There are various reasons why this imbalance happens, including the lack of supplies, rising material and labor costs, rising bank interests, and rising land prices.

Lessons from various countries show that having affordable housing available plays a vital role in social stability and welfare, as well as providing economic benefits, including stability in jobs and social necessities. Governments in various countries have attempted different approaches to ease the housing pressure, including financial and non-financial approaches.

Financial approaches are familiar, including grants, subsidized loans, and tax reductions. In my opinion, these measures need to be supplemented with some non-financial measures to be the most effective.

These include providing the legal basis for affordable housings, creating policies to promote affordable housing development, preparing the standard frameworks and encouraging urban planning towards social sustainability.

First, the government should carefully calculate the proportion of affordable housings compared to the overall market, which would provide the overall guideline for localities.

Second, the government should plan and organize housing with considerations of urban infrastructure, including public transportation accessibility, schools, healthcare facilities, supermarkets, and green space.

Third, the government should promote the construction of affordable housing, encourage the transition of urban structures like shopping malls to affordable housing construction, and increase the density of affordable housing structure throughout the city planning.

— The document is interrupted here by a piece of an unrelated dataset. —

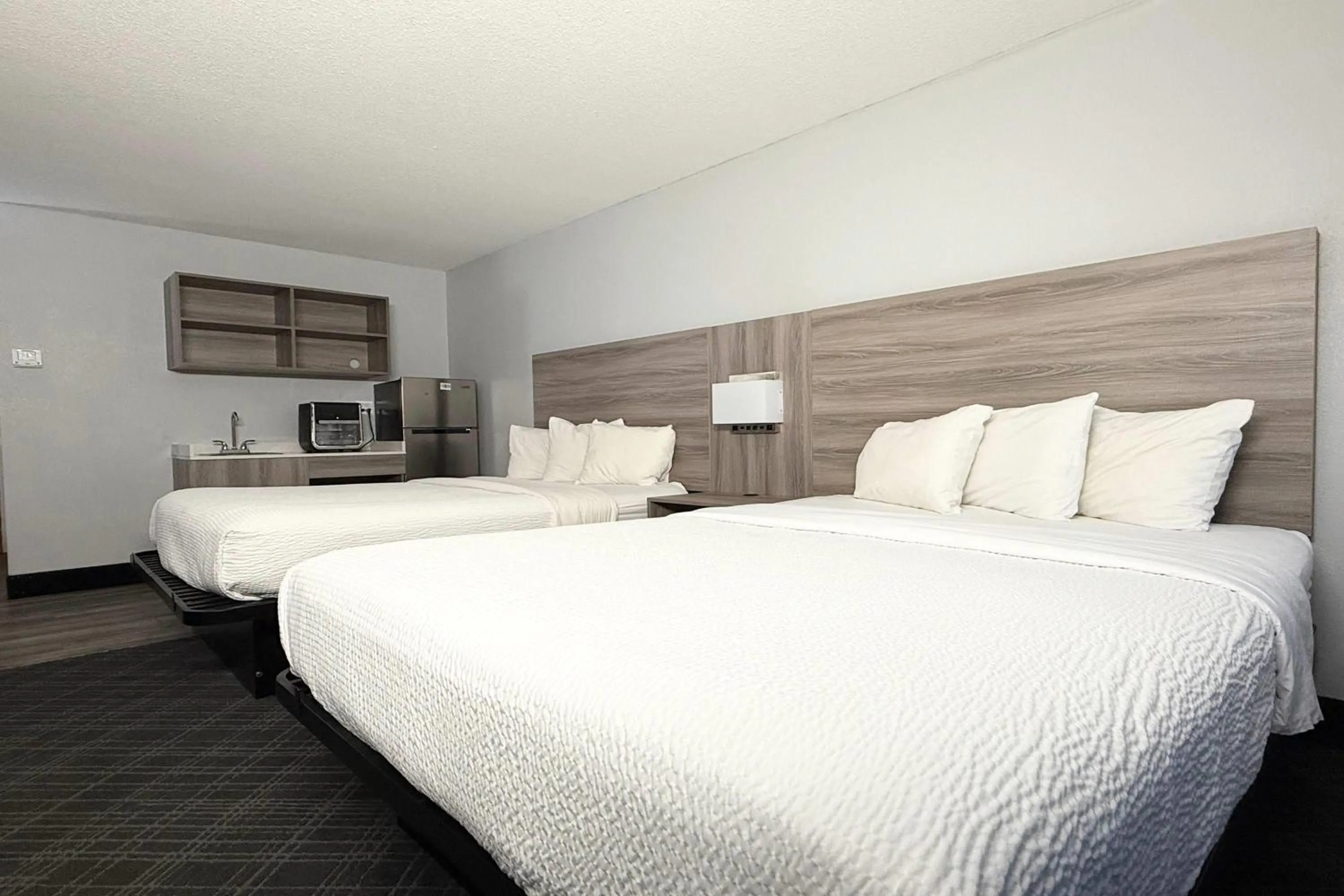 Photo of the whole room, Bed in Baymont by Wyndham Indianapolis South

Fourth, the government should simplify the administration, bureaucracy, and procedures related to affordable housing development, and encourage foreign investments and public-private projects for such purposes.

Fifth, the government should attempt to research, adopt, and apply new technologies in construction and planning, which would reduce the costs and make housings in general more affordable.

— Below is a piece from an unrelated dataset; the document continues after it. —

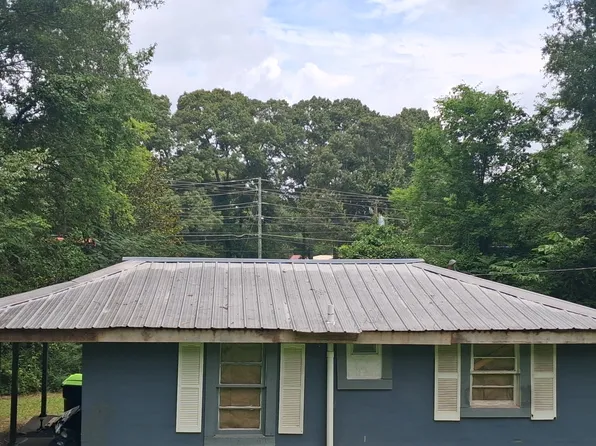 1517 2nd St SW, Childersburg, AL 35044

Sixth, the government should attempt to effectively manage the market, prevent the inflation of housing prices, and create incentives for real estate developers to conduct more affordable housing projects.

Some states in the U.S. allow real estate developers to receive a bonus point while applying for the construction of commercial projects if the developers have previously compensated with affordable housing projects.

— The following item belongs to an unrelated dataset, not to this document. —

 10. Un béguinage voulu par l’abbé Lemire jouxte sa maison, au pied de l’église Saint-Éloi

Besides this, the government should apply financial measures like imposing higher tax brackets for high-end real estate to raise subsidy funds for low-cost housing projects, or founding real estate investment funds.

The government should also impose a maximum price point for the real estate market by sub-class, like how Australia, Canada, the U.S., and New Zealand have approached.

These non-financial approaches helped to facilitate a more sustainable development for the real estate market.

We need to provide more supplies and limit the prices of low-cost, social housing to ensure social stability.

*Doan Van Binh is vice chairman of the Vietnam Real Estate Association and member of the Tourism Advisory Board.